More than 50 community, business and energy leaders attended a ribbon-cutting ceremony for Duke Energy Renewables' Shoreham Solar Commons Project, a 24.9-megawatt (MW) facility near Brookhaven, N.Y.
Shoreham Solar Commons is located about 60 miles east of Manhattan, on the site of the former Tallgrass Golf Course. It was placed into service July 1, and the Long Island Power Authority (LIPA) is purchasing the power under a 20-year agreement.
"As we continue to provide affordable, renewable energy to customers across the United States, we are especially pleased to be here for our first renewables project in the state of New York," said Rob Caldwell, president, Duke Energy Renewables and Distributed Energy Technology. "The solar project will deliver tremendous economic and environmental benefits to the state and local community."

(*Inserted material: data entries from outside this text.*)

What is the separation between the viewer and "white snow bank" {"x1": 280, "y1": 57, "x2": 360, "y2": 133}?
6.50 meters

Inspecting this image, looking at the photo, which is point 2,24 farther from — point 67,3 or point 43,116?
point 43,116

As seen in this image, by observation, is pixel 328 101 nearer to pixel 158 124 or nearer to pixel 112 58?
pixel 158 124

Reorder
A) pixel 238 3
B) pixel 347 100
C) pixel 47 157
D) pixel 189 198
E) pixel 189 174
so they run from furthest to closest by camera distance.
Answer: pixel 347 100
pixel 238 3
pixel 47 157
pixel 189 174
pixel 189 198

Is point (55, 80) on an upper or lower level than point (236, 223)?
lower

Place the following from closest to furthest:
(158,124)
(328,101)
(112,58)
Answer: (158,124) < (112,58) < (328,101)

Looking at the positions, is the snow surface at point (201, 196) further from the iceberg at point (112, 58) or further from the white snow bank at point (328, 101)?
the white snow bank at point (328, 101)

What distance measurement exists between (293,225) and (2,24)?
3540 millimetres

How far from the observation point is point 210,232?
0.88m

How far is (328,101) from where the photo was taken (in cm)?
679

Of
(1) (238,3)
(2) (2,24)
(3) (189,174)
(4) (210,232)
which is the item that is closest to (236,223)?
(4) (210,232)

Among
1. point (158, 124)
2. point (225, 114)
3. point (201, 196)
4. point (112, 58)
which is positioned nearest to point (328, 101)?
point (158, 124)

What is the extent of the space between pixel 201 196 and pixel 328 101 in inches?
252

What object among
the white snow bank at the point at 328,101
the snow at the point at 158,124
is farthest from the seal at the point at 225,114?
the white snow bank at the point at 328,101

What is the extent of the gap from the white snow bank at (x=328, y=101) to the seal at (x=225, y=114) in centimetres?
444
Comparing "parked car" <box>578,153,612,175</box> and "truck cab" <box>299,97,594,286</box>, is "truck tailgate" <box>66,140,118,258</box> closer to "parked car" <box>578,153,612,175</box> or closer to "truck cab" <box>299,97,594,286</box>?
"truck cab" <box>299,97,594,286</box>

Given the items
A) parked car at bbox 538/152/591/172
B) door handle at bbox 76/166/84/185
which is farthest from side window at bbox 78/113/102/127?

"The integration of this significant solar project into the Long Island Electric System not only provides clean energy to our rate payers, it also helps Long Island reduce its dependency on fossil fuels," said Paul Napoli, vice president of power markets, PSEG Long Island. "PSEG Long Island is pleased to support a clean renewable energy future on Long Island and assist New York State in the achievement of 50 percent renewable energy by 2030."

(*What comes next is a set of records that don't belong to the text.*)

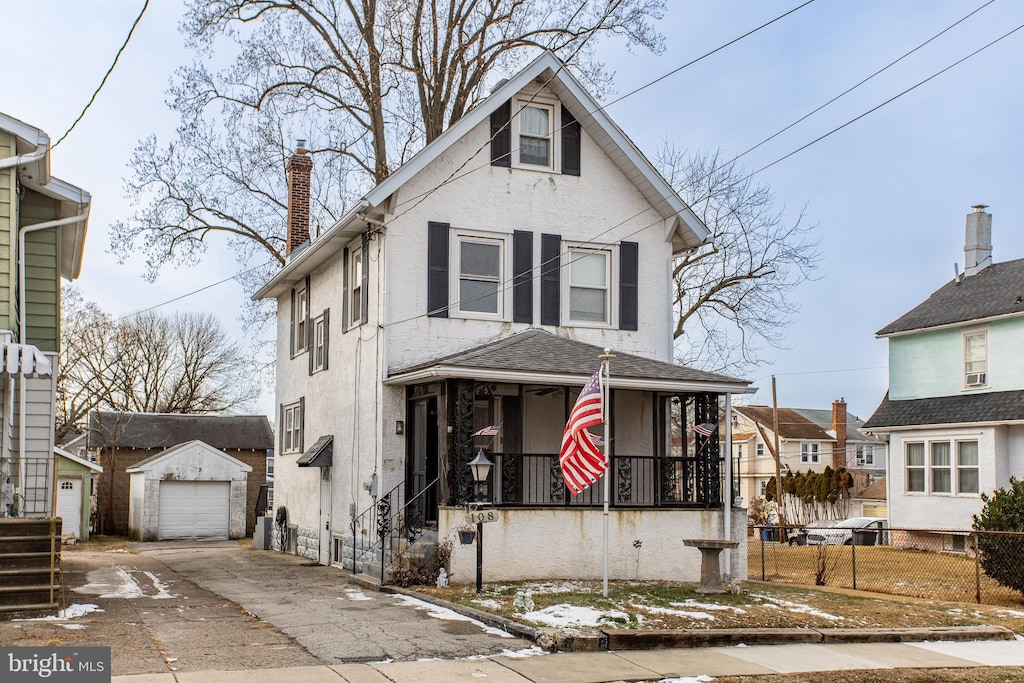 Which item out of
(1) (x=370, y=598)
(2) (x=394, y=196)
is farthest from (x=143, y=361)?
(1) (x=370, y=598)

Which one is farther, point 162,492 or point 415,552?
point 162,492

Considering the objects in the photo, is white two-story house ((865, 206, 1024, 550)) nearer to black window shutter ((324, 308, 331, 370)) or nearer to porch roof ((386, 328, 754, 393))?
porch roof ((386, 328, 754, 393))

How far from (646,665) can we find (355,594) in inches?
239

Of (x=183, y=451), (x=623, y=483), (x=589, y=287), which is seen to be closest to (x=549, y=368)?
(x=623, y=483)

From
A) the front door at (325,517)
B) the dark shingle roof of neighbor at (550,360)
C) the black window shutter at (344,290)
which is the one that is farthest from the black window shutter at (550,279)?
the front door at (325,517)

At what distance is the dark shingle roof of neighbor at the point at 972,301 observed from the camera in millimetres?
26609

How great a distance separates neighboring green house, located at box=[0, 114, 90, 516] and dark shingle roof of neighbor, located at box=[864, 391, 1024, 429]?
21.8 metres

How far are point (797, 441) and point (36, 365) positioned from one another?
49542 mm

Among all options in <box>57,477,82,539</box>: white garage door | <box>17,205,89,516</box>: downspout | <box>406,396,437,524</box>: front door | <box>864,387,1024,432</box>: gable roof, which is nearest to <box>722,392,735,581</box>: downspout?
<box>406,396,437,524</box>: front door

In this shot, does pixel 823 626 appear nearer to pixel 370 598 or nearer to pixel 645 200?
pixel 370 598

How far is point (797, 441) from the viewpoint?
5650 cm

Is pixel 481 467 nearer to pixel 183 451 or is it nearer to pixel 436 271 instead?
pixel 436 271

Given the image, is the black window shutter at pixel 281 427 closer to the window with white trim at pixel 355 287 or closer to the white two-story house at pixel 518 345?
the white two-story house at pixel 518 345

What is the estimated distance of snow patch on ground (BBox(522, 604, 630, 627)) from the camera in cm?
1138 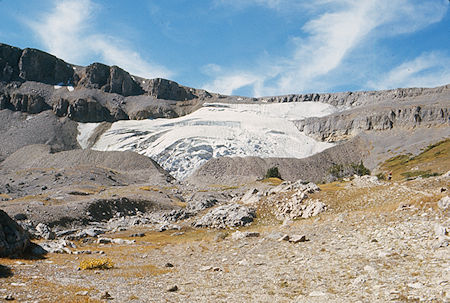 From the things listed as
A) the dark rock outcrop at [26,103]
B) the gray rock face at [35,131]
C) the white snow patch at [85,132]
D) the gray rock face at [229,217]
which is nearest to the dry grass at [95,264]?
the gray rock face at [229,217]

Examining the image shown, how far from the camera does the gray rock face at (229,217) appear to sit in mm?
34406

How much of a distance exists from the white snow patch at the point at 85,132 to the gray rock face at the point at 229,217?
158340 millimetres

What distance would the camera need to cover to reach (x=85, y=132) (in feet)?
629

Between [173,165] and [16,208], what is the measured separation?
102 meters

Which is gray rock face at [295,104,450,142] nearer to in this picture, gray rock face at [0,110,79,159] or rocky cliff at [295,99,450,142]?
rocky cliff at [295,99,450,142]

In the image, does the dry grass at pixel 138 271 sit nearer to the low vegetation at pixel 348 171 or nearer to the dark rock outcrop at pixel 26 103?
the low vegetation at pixel 348 171

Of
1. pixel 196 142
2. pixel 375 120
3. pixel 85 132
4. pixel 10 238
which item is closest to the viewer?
pixel 10 238

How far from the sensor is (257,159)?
5128 inches

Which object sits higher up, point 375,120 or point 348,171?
point 375,120

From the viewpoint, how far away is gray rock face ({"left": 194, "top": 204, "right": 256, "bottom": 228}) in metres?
34.4

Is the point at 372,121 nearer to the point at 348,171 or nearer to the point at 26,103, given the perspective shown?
the point at 348,171

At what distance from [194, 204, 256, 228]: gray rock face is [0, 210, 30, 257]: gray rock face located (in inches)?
745

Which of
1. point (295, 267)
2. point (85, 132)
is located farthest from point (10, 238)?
point (85, 132)

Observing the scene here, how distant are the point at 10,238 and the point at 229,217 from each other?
20634 millimetres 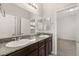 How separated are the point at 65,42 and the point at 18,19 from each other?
3.87 feet

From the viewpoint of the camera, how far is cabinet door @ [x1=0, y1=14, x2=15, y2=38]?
135cm

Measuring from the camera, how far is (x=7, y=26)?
4.75ft

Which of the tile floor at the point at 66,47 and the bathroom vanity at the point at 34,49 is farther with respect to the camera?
the tile floor at the point at 66,47

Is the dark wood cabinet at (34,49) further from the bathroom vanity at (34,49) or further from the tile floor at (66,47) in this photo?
the tile floor at (66,47)

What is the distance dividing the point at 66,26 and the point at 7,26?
1218 mm

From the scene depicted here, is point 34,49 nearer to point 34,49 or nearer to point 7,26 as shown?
point 34,49

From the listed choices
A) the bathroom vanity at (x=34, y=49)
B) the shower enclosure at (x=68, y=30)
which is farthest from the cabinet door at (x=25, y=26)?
the shower enclosure at (x=68, y=30)

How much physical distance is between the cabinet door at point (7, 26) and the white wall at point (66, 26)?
1032 mm

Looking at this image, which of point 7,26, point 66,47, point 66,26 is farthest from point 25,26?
point 66,47

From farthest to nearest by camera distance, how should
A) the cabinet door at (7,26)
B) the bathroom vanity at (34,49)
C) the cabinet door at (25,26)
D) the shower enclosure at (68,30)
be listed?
the cabinet door at (25,26), the shower enclosure at (68,30), the cabinet door at (7,26), the bathroom vanity at (34,49)

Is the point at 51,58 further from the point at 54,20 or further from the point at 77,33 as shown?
the point at 54,20

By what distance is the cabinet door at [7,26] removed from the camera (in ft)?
4.44

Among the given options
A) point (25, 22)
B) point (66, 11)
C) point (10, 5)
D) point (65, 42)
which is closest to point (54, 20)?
point (66, 11)

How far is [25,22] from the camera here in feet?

Duke Energy Renewables acquired the project from Invenergy, who constructed the project on the grounds of a former golf course.

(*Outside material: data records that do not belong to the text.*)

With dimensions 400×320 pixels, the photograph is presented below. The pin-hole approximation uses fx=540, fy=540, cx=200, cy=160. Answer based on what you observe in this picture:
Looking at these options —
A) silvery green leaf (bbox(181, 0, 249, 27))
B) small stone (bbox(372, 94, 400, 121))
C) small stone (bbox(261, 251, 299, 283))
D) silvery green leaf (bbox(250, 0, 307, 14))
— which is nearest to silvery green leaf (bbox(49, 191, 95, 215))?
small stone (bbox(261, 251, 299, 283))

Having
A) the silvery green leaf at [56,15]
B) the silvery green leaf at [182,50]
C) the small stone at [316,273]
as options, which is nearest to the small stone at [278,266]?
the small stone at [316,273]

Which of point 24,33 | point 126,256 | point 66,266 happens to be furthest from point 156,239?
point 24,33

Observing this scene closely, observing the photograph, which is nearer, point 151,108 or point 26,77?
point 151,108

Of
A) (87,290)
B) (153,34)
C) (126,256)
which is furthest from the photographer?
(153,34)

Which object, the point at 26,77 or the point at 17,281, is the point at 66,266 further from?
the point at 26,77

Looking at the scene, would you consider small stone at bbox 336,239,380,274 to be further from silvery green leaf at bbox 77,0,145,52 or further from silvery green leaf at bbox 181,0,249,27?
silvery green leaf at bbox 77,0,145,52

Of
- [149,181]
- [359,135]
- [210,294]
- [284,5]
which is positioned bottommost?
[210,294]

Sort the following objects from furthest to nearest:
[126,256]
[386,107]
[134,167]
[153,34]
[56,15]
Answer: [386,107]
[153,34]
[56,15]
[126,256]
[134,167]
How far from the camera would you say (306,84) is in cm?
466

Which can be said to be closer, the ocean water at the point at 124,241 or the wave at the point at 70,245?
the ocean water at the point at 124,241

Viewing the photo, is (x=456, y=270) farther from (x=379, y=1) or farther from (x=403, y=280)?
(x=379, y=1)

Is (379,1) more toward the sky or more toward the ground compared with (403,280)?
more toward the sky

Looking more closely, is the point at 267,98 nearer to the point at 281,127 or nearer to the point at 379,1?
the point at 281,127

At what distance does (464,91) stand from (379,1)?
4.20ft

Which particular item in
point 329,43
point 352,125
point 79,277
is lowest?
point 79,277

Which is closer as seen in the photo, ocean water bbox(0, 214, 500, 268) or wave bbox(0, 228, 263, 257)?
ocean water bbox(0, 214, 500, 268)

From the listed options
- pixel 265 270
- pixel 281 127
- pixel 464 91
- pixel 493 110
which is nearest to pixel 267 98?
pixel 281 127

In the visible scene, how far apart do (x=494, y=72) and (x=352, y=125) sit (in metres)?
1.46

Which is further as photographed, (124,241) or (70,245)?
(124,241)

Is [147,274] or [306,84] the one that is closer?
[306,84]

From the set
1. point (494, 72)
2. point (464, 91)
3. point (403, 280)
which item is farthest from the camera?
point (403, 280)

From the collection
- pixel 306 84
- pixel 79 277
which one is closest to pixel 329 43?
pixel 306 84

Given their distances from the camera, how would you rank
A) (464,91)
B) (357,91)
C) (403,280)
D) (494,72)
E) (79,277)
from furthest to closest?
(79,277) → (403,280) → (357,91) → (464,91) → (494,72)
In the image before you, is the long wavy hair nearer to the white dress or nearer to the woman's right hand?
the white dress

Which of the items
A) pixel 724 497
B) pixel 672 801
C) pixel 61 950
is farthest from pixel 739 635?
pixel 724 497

"Our team was proud to manage the development and construction of Shoreham Solar Commons, and we look forward to providing world-class operations going forward to ensure the project delivers on its economic and environmental benefits." Alex George, Senior Vice President, Asset Management & Operations, Invenergy said. "With renewable energy projects across the state, Invenergy is proud to support Governor Cuomo's ambitious energy vision to provide affordable clean, renewable energy to more New Yorkers."
The project is expected to generate between $700,000 and $900,000 in annual tax revenue. The energy produced is estimated to displace 29,000 tons of greenhouse gas emissions annually and create nearly 1 million megawatt-hours of clean, renewable energy over its lifetime.